For all the change which it brought about in Hogarty’s face that greeting might have been left unspoken. He vouchsafed the fat man’s elaborate pantomime not so much as the shadow of a smile, nodded once, thoughtfully, and let his eyes fall again to the card between his elbows on the table-top.
“Come in, Chub,” he invited shortly. “Come in.” 201 And as a clamor of many voices in the outer entrance heralded the arrival of the rest of Ogden’s crowd: “Here comes the mob now. Come in and close the door.”
Morehouse, still from head to toe a symphony in many-toned browns, shed every shred of his facetiousness at Hogarty’s crisply repeated invitation. He closed the door and snapped the catch that made it fast before he crossed, without a word, and drew a chair up to the opposite side of the desk.
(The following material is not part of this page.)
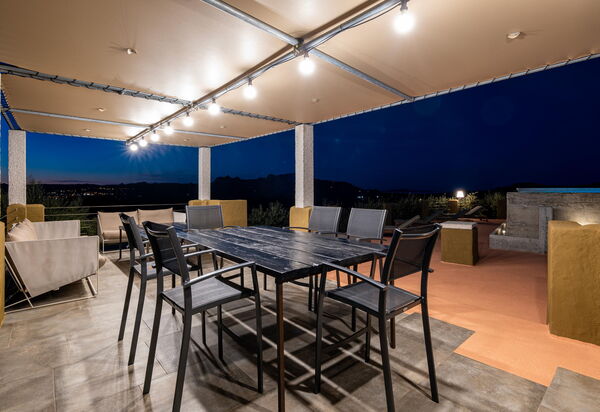 Villa Sole Tra i Ginepri: Außen, Balkon / Terrasse / Patio, Draussen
“Your hurry call just caught me as I was leaving for lunch,” he explained then. “And I made pretty fair time getting down here, too. What’s the dark secret?”
The black-clad proprietor lifted his lean jaw from his hands and gazed long and steadily into the newspaper man’s eyes, picked up the bit of pasteboard which bore the latter’s own name across its front and flipped it silently across the table to him. Morehouse took it up gingerly and read it––reversed it and read again.
“Nice little touch, that,” he averred finally. “Rather neat and tasty, if I do say it myself. ‘Introducing The Pilgrim!’ Hum-m-m. You can’t quite appreciate it of course, but––oh, Flash, I wish you could have seen that big boy standing there in the door of that little backwoods tavern, just as I saw him, about a week ago! Why, he––he was–––”
“He’s come!” Hogarty cut in briefly.
Morehouse’s chin dropped. He sat with mouth agape.
“Huh?” he grunted. “He’s––he’s come where?”